It is essentially a Beeb/Elk CSW block decoder, capable of both listing the blocks contained within a CSW, and if requested, extracting them into a directory. (You may then manually concatenate these blocks into complete CFS files, if such activities bring you pleasure).
It has a trick up its sleeve -- every byte decoded from the CSW is stored along with the sample number in the source audio at which the byte was found (look for the numbers in square brackets). Consequently it is very useful for accurately pinpointing the locations of interesting features in the source audio file.
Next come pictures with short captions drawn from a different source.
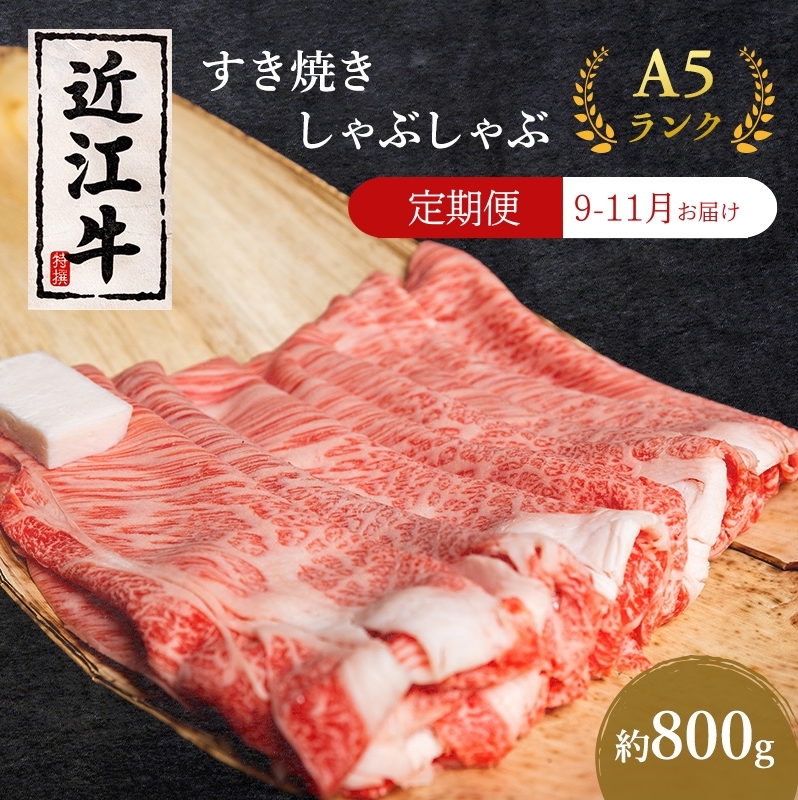 【肉の千石屋】【定期便:9～11月お届け】3ヶ月連続お届け近江牛A5ランクすき焼き しゃぶしゃぶ約800g 肉 近江牛 牛肉 すき焼き しゃぶしゃぶ モモ 肩ロース ロース 和牛 国産 滋賀県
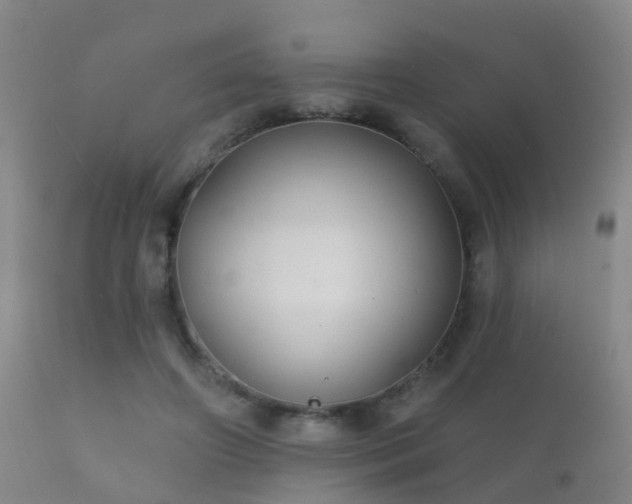 X0000112200498200908141437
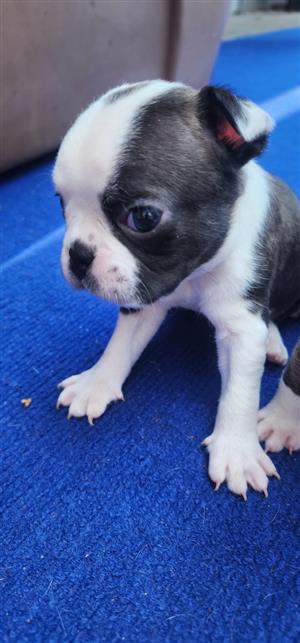 Boston terrier pups for sale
Most relevantly for my purposes, it allows me quickly to find the precise piece of audio that has led to a particular error in the CSW.
It currently only correctly handles bog-standard 8N1 Beeb-style CFS blocks.
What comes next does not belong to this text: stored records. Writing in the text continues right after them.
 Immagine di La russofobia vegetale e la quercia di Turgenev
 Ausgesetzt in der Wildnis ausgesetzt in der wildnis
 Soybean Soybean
I've attached a ZIP of the PHP, but here is the "readme" (from the comments at the top of the source code):
Code: Select all
WHAT?
-----
This software will load and inspect a CSW file, and attempt to decode its blocks.
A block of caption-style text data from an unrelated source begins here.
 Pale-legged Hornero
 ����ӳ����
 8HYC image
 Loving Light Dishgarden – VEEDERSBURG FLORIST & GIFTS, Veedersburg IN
Currently only MOS-standard 8N1 BBC Micro/Electron-style blocks are supported.
HOW?
----
By default, the software will list the 8N1 blocks in a CSW file:
$ php -f cswblks.php <CSW file>
If there is a particular block that is of interest (usually because it
contains errors), you can request verbose details of that particular block
based on its block ID (which will have been displayed on the prior run):
$ php -f cswblks.php +b <block ID> +v +e <CSW file>
(+v provides a verbose block listing; +e provides a verbose error listing.)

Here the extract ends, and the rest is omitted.